ACTION ITEM:
Print every entry exactly once more, omitting each picture.

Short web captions

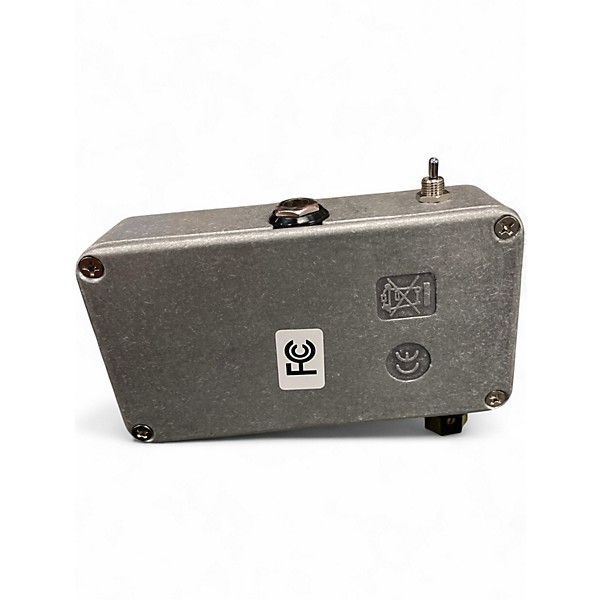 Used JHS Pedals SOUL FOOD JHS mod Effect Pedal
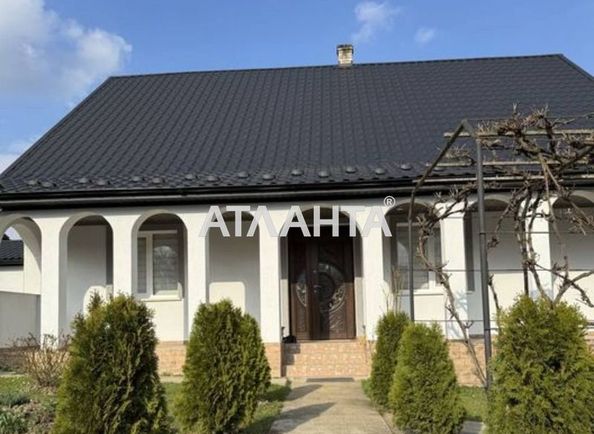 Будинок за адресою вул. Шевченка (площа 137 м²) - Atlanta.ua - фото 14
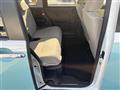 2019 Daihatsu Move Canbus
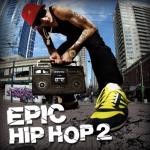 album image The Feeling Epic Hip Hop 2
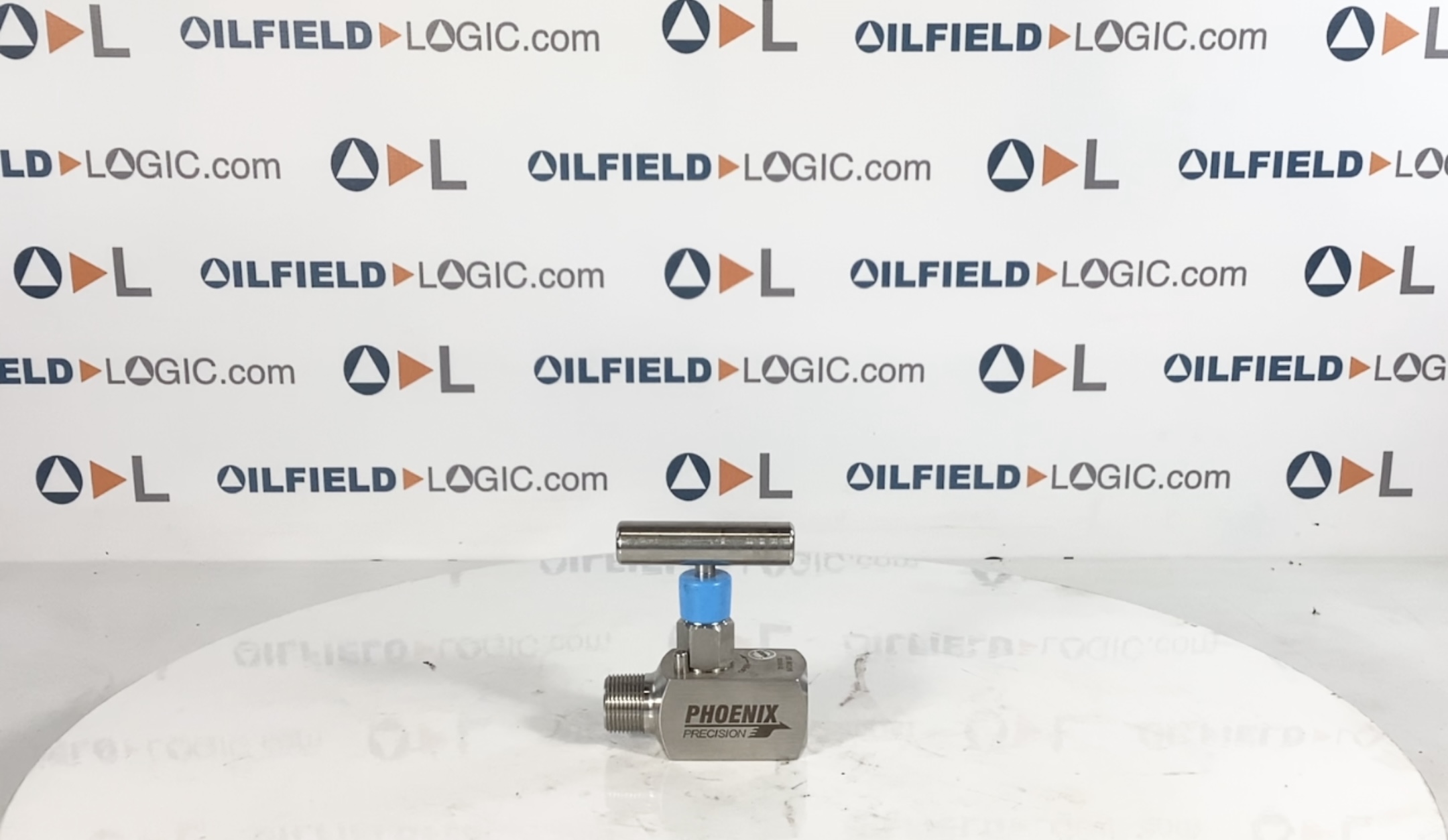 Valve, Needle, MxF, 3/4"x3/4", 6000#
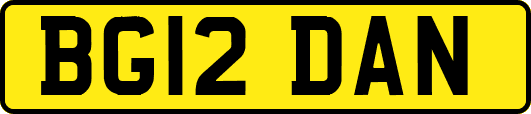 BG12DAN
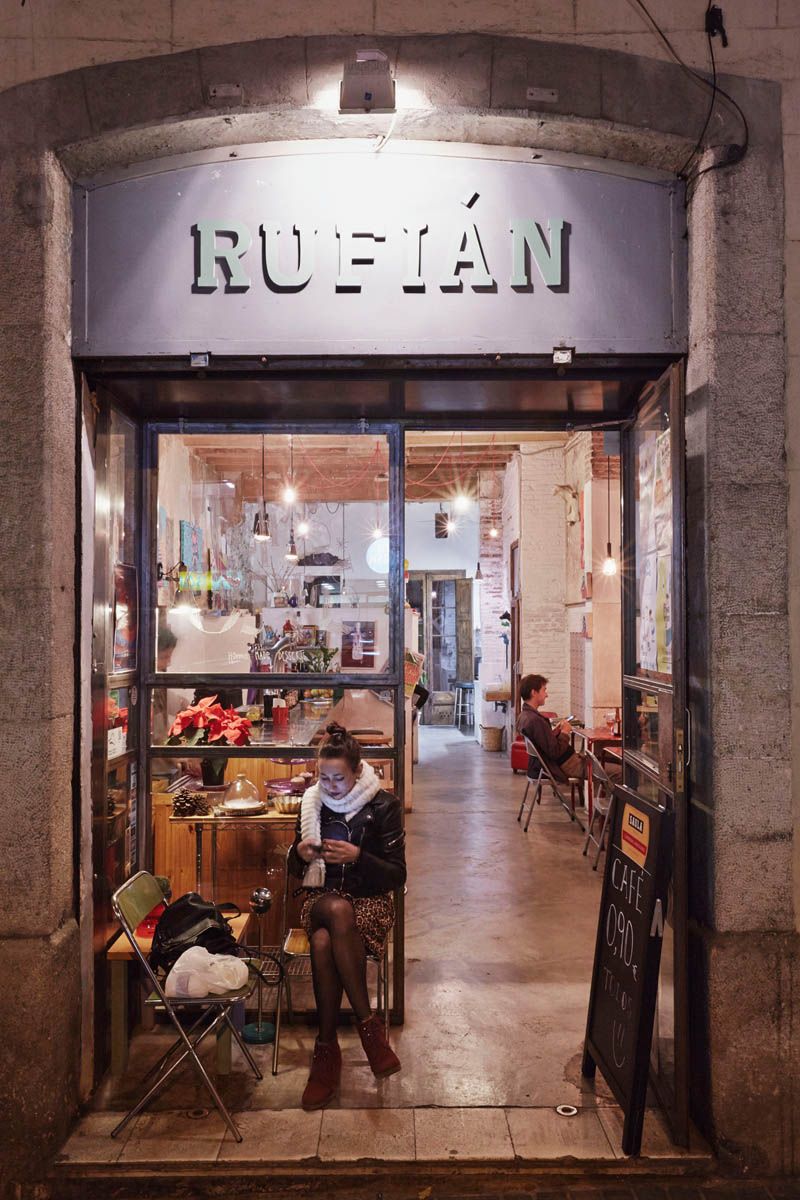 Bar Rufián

EXERCISE RESPONSE:
 Used JHS Pedals SOUL FOOD JHS mod Effect Pedal
 Будинок за адресою вул. Шевченка (площа 137 м²) - Atlanta.ua - фото 14
 2019 Daihatsu Move Canbus
 album image The Feeling Epic Hip Hop 2
 Valve, Needle, MxF, 3/4"x3/4", 6000#
 BG12DAN
 Bar Rufián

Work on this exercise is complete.